Elle s’appelle Nasra Abukar Ali. Elle termine en 21 secondes 81 centièmes, à dix secondes de la vainqueure. En Somalie, c’est un véritable scandale national : il s’agit en effet du pire temps de l’histoire sur 100 mètres. La scène rappelle une autre course. C’était le 23 juin dernier, au Championnat d’Europe d’athlétisme à Chorzów, en Pologne. On y voyait également une athlète se traîner loin derrière les autres et même franchir péniblement les haies d’un 110 mètres. Cette athlète, Jolien Boukwo, de nationalité belge, n’était pas du tout une coureuse de haies professionnelle, mais une lanceuse de poids. Elle avait été contrainte de remplacer au débotté sa collègue sprinteuse blessée, sans quoi l’équipe de Belgique tout entière aurait été disqualifiée… Bref, c’était pour la bonne cause.
Nasra Abukar Ali, elle, attribue sa contre-performance à une blessure. Dans une interview sur son compte Facebook, elle affirme « avoir bien été sélectionnée au travers d’une série d’épreuves », mais s’être blessée juste avant la course. « En courant, je souffrais d’un claquage. Mais pour ne pas être réprimandée, j’ai continué jusqu’au bout ». Elle affirme même avoir été déçue de terminer dernière…
Tout est faux, bien sûr. « L’athlète » a été en réalité sélectionnée parce qu’elle était la nièce de la présidence de la fédération d’athlétisme somalienne, Khadija Aden Dahir, qui a été aussitôt suspendue. Elle n’est absolument pas une sprinteuse professionnelle. Il n’est même pas certain qu’elle n’ait jamais couru avant dans sa vie.
En Somalie, l’affaire est vécue comme une véritable humiliation nationale. Le pays est déchiré par la guerre depuis trente ans. Les athlètes n’y ont que très peu d’endroits pour s’entraîner. Le stade de Mogadiscio par exemple est criblé d’impacts de balles et de roquettes. Et lorsque le pays parvient à aligner des concurrents pour les Jeux olympiques, le simple fait d’y participer fait d’eux des héros nationaux. Pour ne rien arranger, lorsqu’un Somalien se distingue dans un sport, il a très souvent tendance à quitter le pays. Pour toutes ces raisons, cette course est vécue là-bas comme une véritable disgrâce.
Nasra Abukar Ali persiste néanmoins et défend sa tante : « j’ai bien été sélectionnée à travers un processus de compétitions par l’association des sports universitaires. Ils [le gouvernement somalien, ndlr] accusent la présidente sans fondement.

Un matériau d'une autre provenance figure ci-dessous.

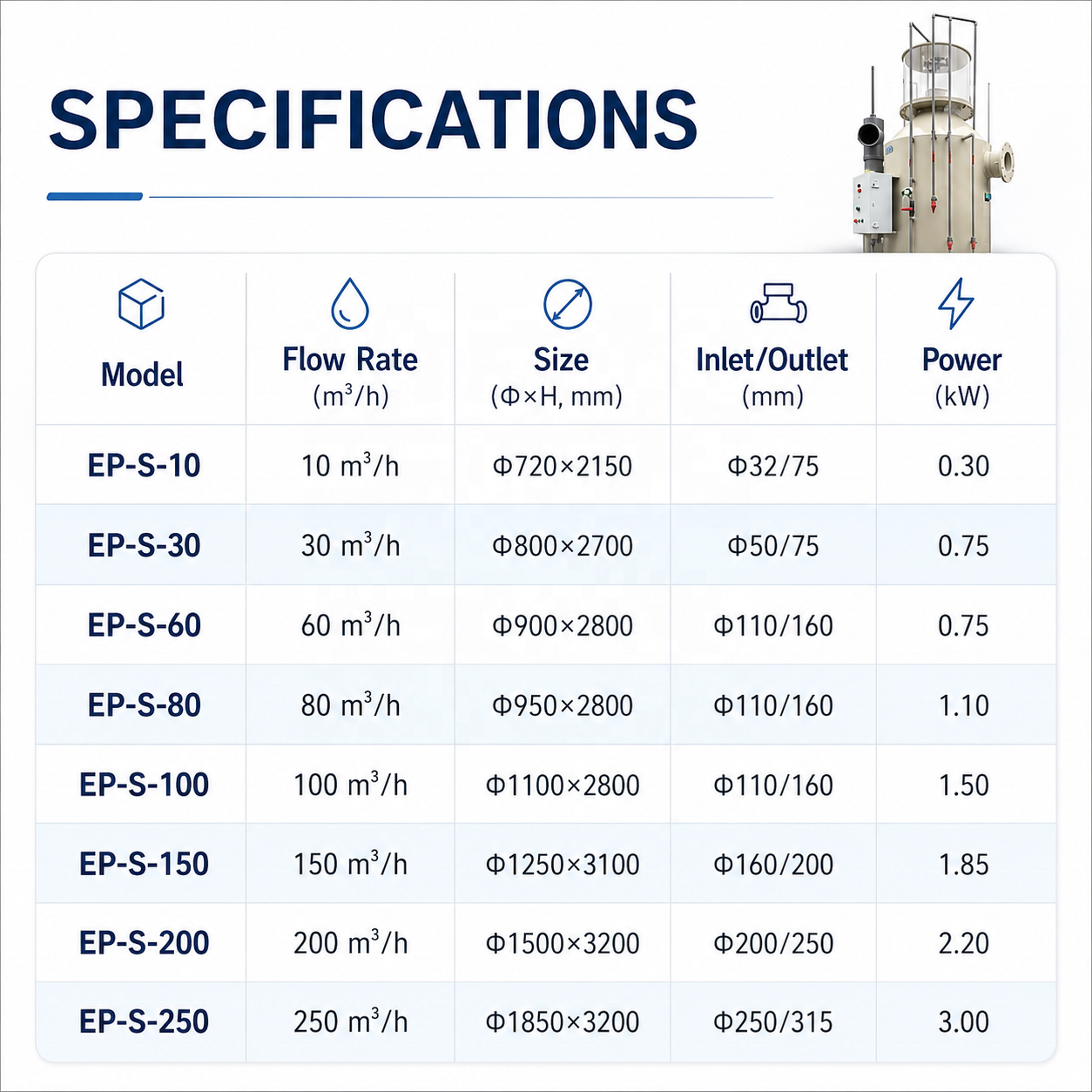 RAS Protein Skimmer | Industrial Foam Fractionator for Aquaculture Water Treatment & Organic Waste Removal System,YUTANK,Aquaculture Protein Skimmer System | Foam Fractionator for RAS Water Treatment | Industrial Organic Waste Removal Equipment | YUTANK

Ils l’ont dans le nez et ils cherchent une façon de nuire à son image pour la remplacer. Elle n’a rien à voir avec tout ça. Quant à moi, je suis heureuse d’avoir porté les couleurs de mon pays et j’espère participer à de nouvelles compétitions l’an prochain. Mais si la Somalie m’en décourage, comment vais-je pouvoir me motiver ? »
Le ministre somalien des Sports a présenté des excuses et ordonné la suspension de la présidente. Mohamed Barre Mohamud a assuré que son ministère ne savait pas comment Nasra Abukar Ali avait été sélectionnée pour participer au 100 m. On a appris depuis que, contrairement à ce que raconte l’athlète, l’union des universités somaliennes n’avait envoyé aucun coureur en Chine dans le cadre d’une équipe officielle somalienne. Elle s’est donc rendue en Chine de sa propre initiative, avec la complicité de sa tante. Chaque année, l’association « Transparency International » rédige un index de la corruption. L’index comporte 180 pays et la Somalie y figure à la dernière position…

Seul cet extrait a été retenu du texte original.